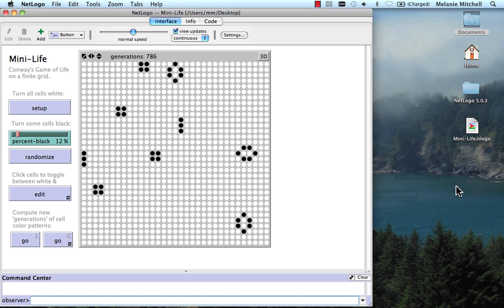You may not know that the game of life has its own research community associated with it. People who try and investigate what kinds of patterns you can make in the game of life that have interesting properties. We're going to talk about some of those patterns in a little while, but let me show you one particularly famous simple one.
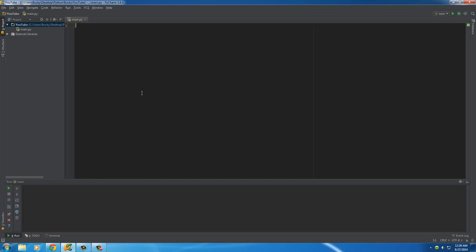Well, whenever we make a big computer program that's more than these small little samples that we've been making, it's good to break your program up into manageable chunks. These chunks are called functions. It helps organize our program a little bit better.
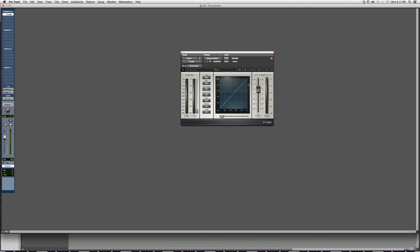This is what a gate looks like. This is not how it's gonna look to you if you don't have the Waves plug-in, but a gate does come with the original Pro Tools software, so it looks something like this.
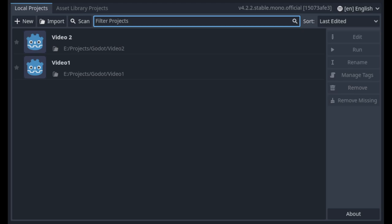Hello and welcome, my name is Maxim. Today is the second video about Godot, and in this video we are going to continue using the Animation Player, but also we are going to configure movement for our hero.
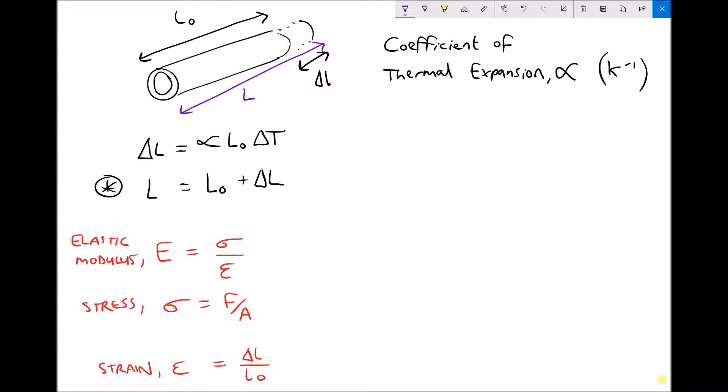We have another equation: Delta L equals Alpha times L0 times Delta T. The change in length we've already seen; L0 is the original length; and Delta T is our change in temperature — so if we heat the piece of material by 50 degrees, Delta T will be 50 degrees. The new variable Alpha is called the coefficient of thermal expansion. All materials have a different coefficient of thermal expansion, so materials will expand and contract by different amounts even if the temperature change is the same.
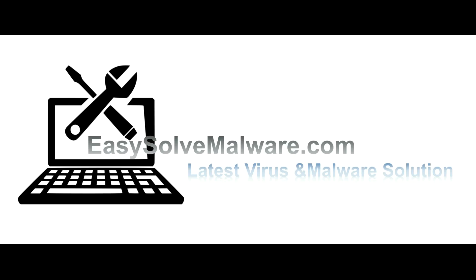That's all. Thank you for watching the video from easy-solve malware.com. We hope it solves your problem.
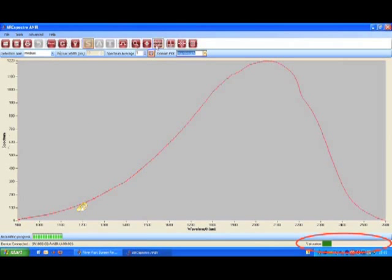As you can see on the saturation bar, which turned green, the signal is now higher, but not optimal yet.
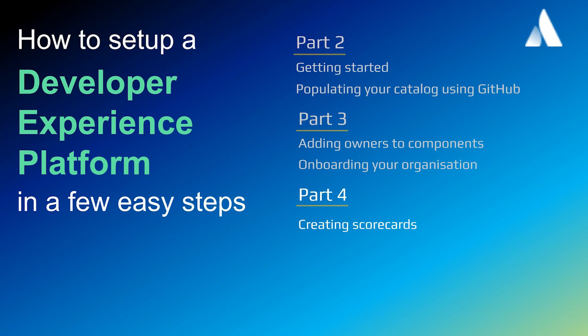In the last three videos of this video series, we have shown how to create a new instance of Compass and populate the software catalog using GitHub, how to onboard your engineering organization by assigning components to owners, and how to create scorecards in Compass. Now, let's take a look at Compass Templates.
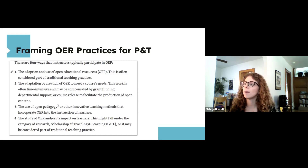It could be that only some departments explicitly note OEP in their P&T guidelines, while others handle it on a case-by-case basis or haven't taken the time to update their documents. Not being included doesn't necessarily mean it's not counted — institutions just may not have taken the time to look into it.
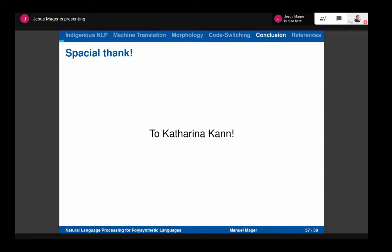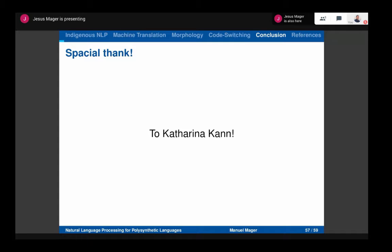Special thanks to Katrina Khan, who has been working with me a lot and is now a professor at the University of Colorado Boulder. Thank you very much, and I'm sure you have a lot of questions.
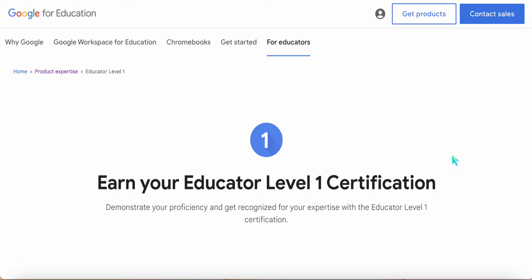Congratulations to all educators who have cleared GCE level 1. I am sure you are excited and you want to share the certificate that you have earned by clearing this exam.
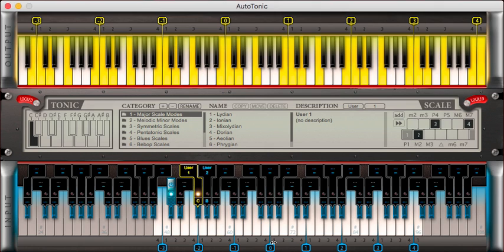By dragging and offsetting these blue anchors, I can compensate the pitch height.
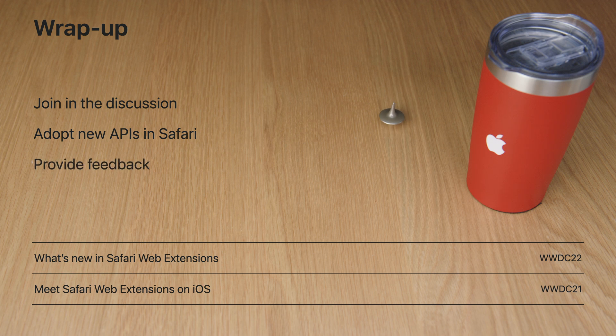And finally, provide feedback through Feedback Assistant as you test your extensions in Safari 17. Thank you for listening, and have a great rest at WWDC.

======

EXERCISE DETAILS
Repeat every entry above exactly; images stay out of the copy.

WRITTEN ANSWER
You may not know that the game of life has its own research community associated with it. People who try and investigate what kinds of patterns you can make in the game of life that have interesting properties. We're going to talk about some of those patterns in a little while, but let me show you one particularly famous simple one.
Well, whenever we make a big computer program that's more than these small little samples that we've been making, it's good to break your program up into manageable chunks. These chunks are called functions. It helps organize our program a little bit better.
This is what a gate looks like. This is not how it's gonna look to you if you don't have the Waves plug-in, but a gate does come with the original Pro Tools software, so it looks something like this.
Hello and welcome, my name is Maxim. Today is the second video about Godot, and in this video we are going to continue using the Animation Player, but also we are going to configure movement for our hero.
We have another equation: Delta L equals Alpha times L0 times Delta T. The change in length we've already seen; L0 is the original length; and Delta T is our change in temperature — so if we heat the piece of material by 50 degrees, Delta T will be 50 degrees. The new variable Alpha is called the coefficient of thermal expansion. All materials have a different coefficient of thermal expansion, so materials will expand and contract by different amounts even if the temperature change is the same.
That's all. Thank you for watching the video from easy-solve malware.com. We hope it solves your problem.
As you can see on the saturation bar, which turned green, the signal is now higher, but not optimal yet.
In the last three videos of this video series, we have shown how to create a new instance of Compass and populate the software catalog using GitHub, how to onboard your engineering organization by assigning components to owners, and how to create scorecards in Compass. Now, let's take a look at Compass Templates.
It could be that only some departments explicitly note OEP in their P&T guidelines, while others handle it on a case-by-case basis or haven't taken the time to update their documents. Not being included doesn't necessarily mean it's not counted — institutions just may not have taken the time to look into it.
Special thanks to Katrina Khan, who has been working with me a lot and is now a professor at the University of Colorado Boulder. Thank you very much, and I'm sure you have a lot of questions.
Congratulations to all educators who have cleared GCE level 1. I am sure you are excited and you want to share the certificate that you have earned by clearing this exam.
By dragging and offsetting these blue anchors, I can compensate the pitch height.
And finally, provide feedback through Feedback Assistant as you test your extensions in Safari 17. Thank you for listening, and have a great rest at WWDC.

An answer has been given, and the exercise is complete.